動脈管に対する経皮的動脈管閉鎖術は,その高い安全性と有効性から,世界的に標準的な治療として確立されている1, 5).特にADOは,経皮的動脈管閉鎖術において最も使用頻度の高いデバイスであり,高い手技成功率が報告されている5).動脈管の形態として最も多いKrichenko分類タイプAは,大きな大動脈側Ampullaがあるため,ADOを展開するために十分なスペースを有することが多いが,大動脈側へのデバイス突出の頻度は高く,約9%と報告されているものもある5, 6).多くの場合,臨床的に問題になることはないとされているが,Choiらは,生後6カ月未満で経皮的動脈管閉鎖術を施行した22例のうち,3例(13.6%)に大動脈の狭窄を来たし,そのうち2例は外科的デバイス除去と動脈管結紮術が行われたと報告していることからも,低月齢や低体重の症例ではデバイス突出に対する注意が必要である7).また,閉鎖術直後に圧較差がない場合でも時間の経過とともに狭窄が顕在化する症例もあるため,注意深いフォローアップが必要である1).ADOデバイスは大動脈側のretention skirtが最も大きい形状となっており,本症例で使用したADO 12/10の場合,肺動脈側径10 mmに対して8 mm大きい18 mmである.本症例では,大動脈径に対して大きなretention skirtが十分に展開することができず,マッシュルーム状のまま動脈管内に留置せざるを得なかったため,デバイスが大動脈側へ突出することとなった.留置直後にはデバイスの前後で圧較差を生じていなかったが,突出したデバイスにより狭窄が生じることが予想されたため,大動脈側でのバルーン拡大術による整形を行った.過去に,大動脈側に突出したADOデバイスに対するバルーン拡大術に焦点を当てた報告は多くない.Salibaらは体重10 kgの患者にADOを留置し,大動脈側に突出したデバイスをバルーンで押し付けることにより,圧較差の改善を得たと報告している8).一方で,Masriらは,大動脈側へ突出したADOに対し,バルーン拡大術によるリポジショニングを4例に試みたが,全例でデバイスの角度や突出に変化は認めなかったと報告している9).また,Epçaçanらは,大動脈側に突出したADOに対するバルーン拡大術による修正を3例に試み,1例で改善したが2例では改善が得られず手術によるデバイス除去を要したと報告している10).これらの報告を見ると,大動脈側へ突出したデバイスに対するバルーン拡大術の成功率は,それほど高いとは言えないであろう.これらの報告では,デバイスは全て良好な形態で展開されており,デバイスの位置修正を目的としてバルーン拡大術が試みられている.一方,自験例は,デバイス突出の主な原因は不十分なデバイス展開によるものであり,バルーン拡大によりretention skirtが良好な形態に整形された結果,デバイス突出の改善を得ているという点で,過去の報告とは異なっている.

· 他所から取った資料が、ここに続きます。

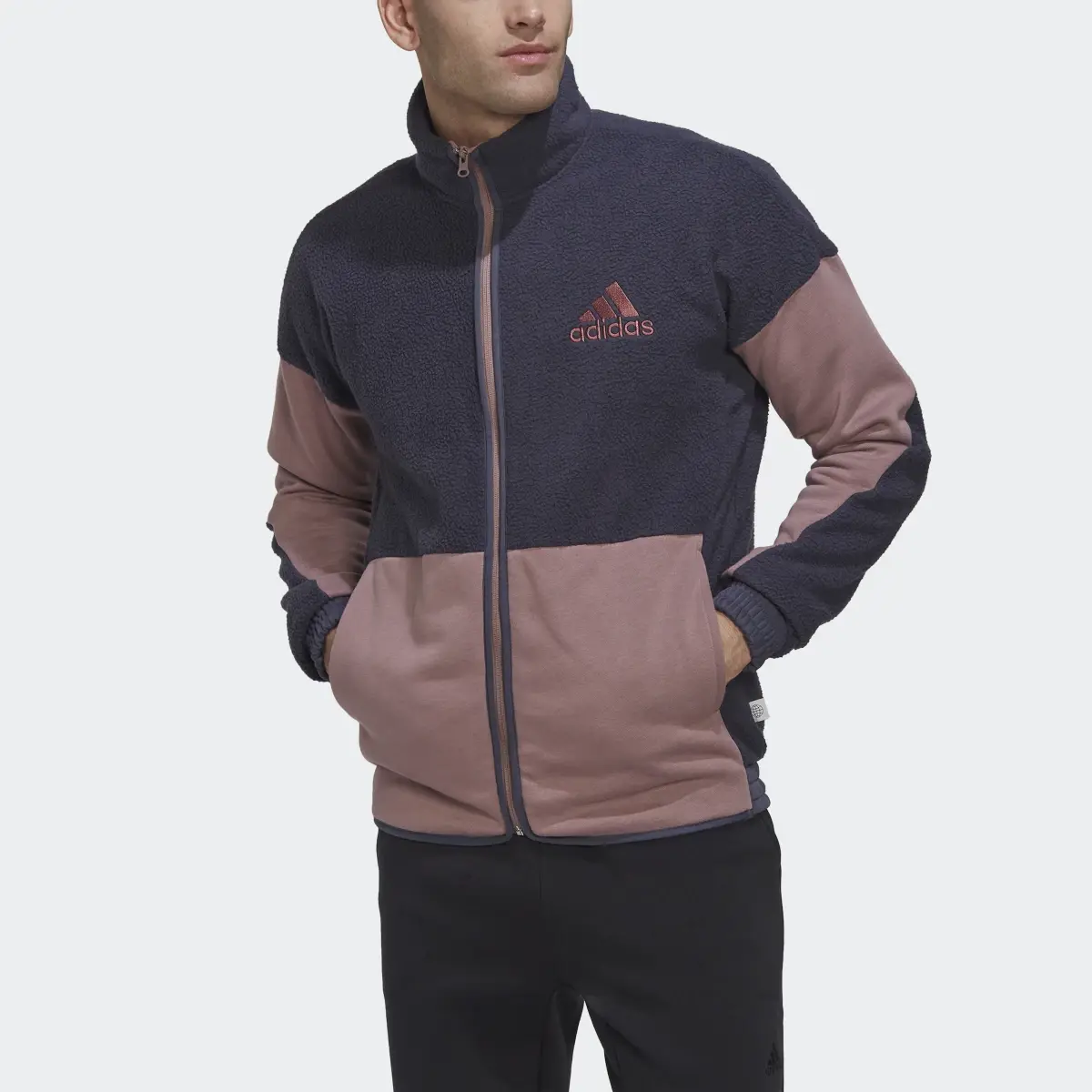 Adidas Colorblock Sherpa Fleece Track Top. 1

本手技の問題点の一つは,使用するバルーンの大きさに明確な基準がないということである.今回,自験例では下行大動脈径9.3 mmに対して,Tyshak II 12 mm(NuMED For Children, Orland, FL, USA)を選択した.大動脈のAmpulla部分は下行大動脈径よりも大きいこと,デバイスに十分な力を加えて整形する必要があったことから大きめのバルーンを選択したが,血管損傷のリスクを考えた場合,下行大動脈径を超えない範囲でのバルーンサイズ選択がより安全であった可能性がある.また,そもそも十分に展開しないデバイスは大動脈径に対して過大であると考えられ,無理やり留置された大きなデバイスが大動脈壁へ与える長期的な影響も明らかではない.これらを踏まえ,治療後の注意深い経過観察が不可欠である.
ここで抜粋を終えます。